Current location - Quotes Website - Famous sayings - Those things of experimental design-Fisher's experimental logic
Those things of experimental design-Fisher's experimental logic
If the father-son relationship is the best in the history of mathematics, you may think of the Bernoulli family. The Bernoulli family has produced eight mathematicians, three of whom are world-class mathematicians. In statistics, there is also the greatest relationship between Weng Xu and ronald fisher (189 -1962) and George bocks (1919-213), two heavyweight statisticians who have made outstanding contributions to the important branch of statistical optimization.

However, perhaps most people are not familiar with the fact that such an important optimization method of experimental design was born in an agricultural experimental station called Lausanne, the oldest agricultural research station in the world, and its inventor was ronald fisher, a master of statistics, who systematically introduced his exquisite ideas about experimental design in his books, such as Statistical Methods for Researchers and Experimental Design.

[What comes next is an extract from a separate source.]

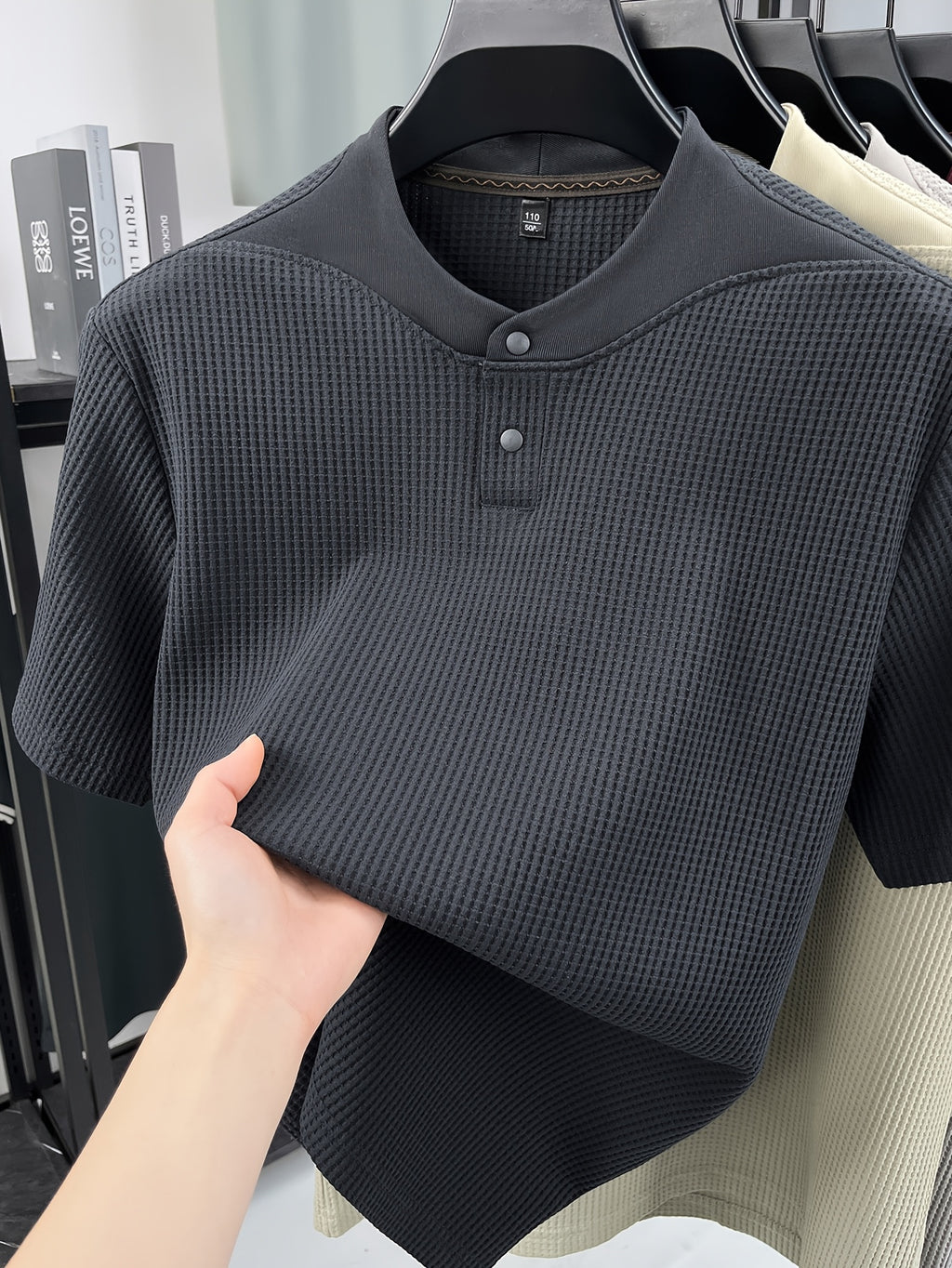 New Summer Style Men's Short-Sleeve Polo T-Shirt with Small V-Neck and Two-Button Placket, Fashionable and Versatile Sporty Casual Men's Apparel, Skin-Friendly, Comfortable, Stylish, Slimming, and Breathable, HF66180 - Dark Gray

Coincidentally, George bocks, ronald fisher's son-in-law, also imbued Fisher with profound statistical thinking, made great achievements in experimental design, time series model and other fields, and published a large number of important articles and works. He has a famous saying that is regarded as a classic by practitioners in statistics and big data industry: "All models are wrong, but some are useful". Bocks systematically introduced his profound understanding of experimental design in his works, such as Evolutionary Operation-A Statistical Method for Process Improvement, Statistic of Experimenters and Empirical Modeling and Response Surface Method. At the same time, during his eight years of internship and work in ICI, he studied and explored with his colleagues (chemists and chemical engineers) how to design and analyze experiments to improve the efficiency of experiments, and put forward the following suggestions.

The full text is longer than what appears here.